Yes, those are good and there are many more dealing with these issues. E.g.

D Rosen
A Note on the Measurements of Quantized Areas and Boundaries
University of Maryland, Computer Science Center (November 1978) TR-713

Rosen D. On the areas and boundaries of quantized objects
Computer Graphics and Image Processing
Volume 13, Issue 1, May 1980, Pages 94-98

Kulpa Z
Area and perimeter measurement of blobs in discrete binary pictures
Computer Graphics Image Processing, 6 (1977), pp. 434–451

P.V Sankar, E.V Krishnamurthy
On the compactness of subsets of digital pictures
Computer Graphics Image Processing, 8 (1978), pp. 136–143

P.V Sankar
Grid intersect quantization schemes for solid object digitization
Computer Graphics Image Processing, 8 (1978), pp. 25–42

A Rosenfeld
Compact figures in digital pictures
IEEE Trans. Systems Man. Cybernet., SMC-4 (1974), pp. 221–223

T.J Ellis, D Proffitt, D Rosen, W Rutkowski
Measurement of the lenths of digitized curved lines
Computer Graphics Image Processing, 10 (1979), pp. 333–347

plus the papers dealing with Bresenham circle and line algorithms.

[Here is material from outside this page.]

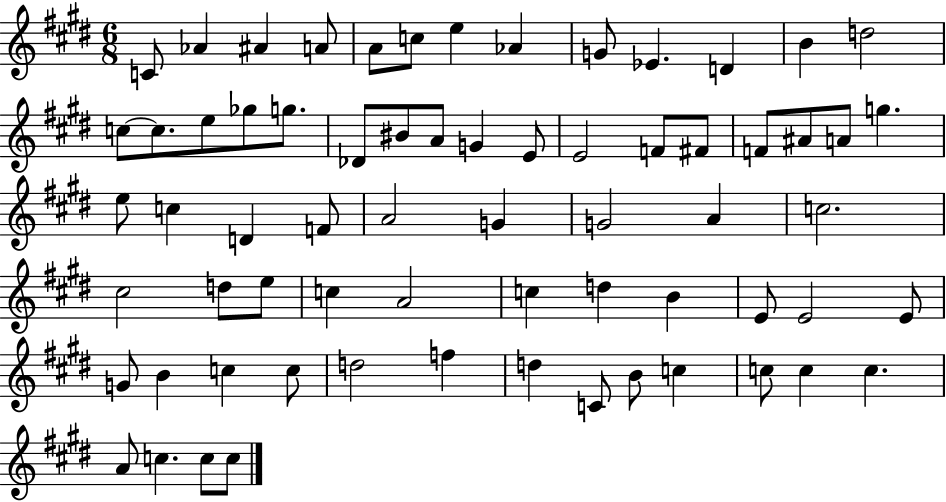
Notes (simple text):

My take is that it is best to use 8 neighbours connectivity (smallest error without having to resort to some length and area correction factors that might not always apply) for the foreground and centre the ROIs on the pixels, not in the top left corner as traditionally IJ does as this tends to confuse what one is measuring. (No, I am not suggesting to change how IJ does it now, but it is useful to think it that way, Particles8 and Lines8 are based on this to compute areas and lengths).
My other suggestion is when dealing with areas, count both the the enclosed polygon area (via the Green/Pick method) and the number of pixels in the object (what IJ does, but this overestimates area). The two will not be the same, and provide different information.
This was briefly discussed in the github link above.


#9

@gabriel that’s my fault. The extract contour implementation in ops is 8-connected.

Here the extracted polygon I get with ops:

As far as I understand it, the boundary location problem is still the same.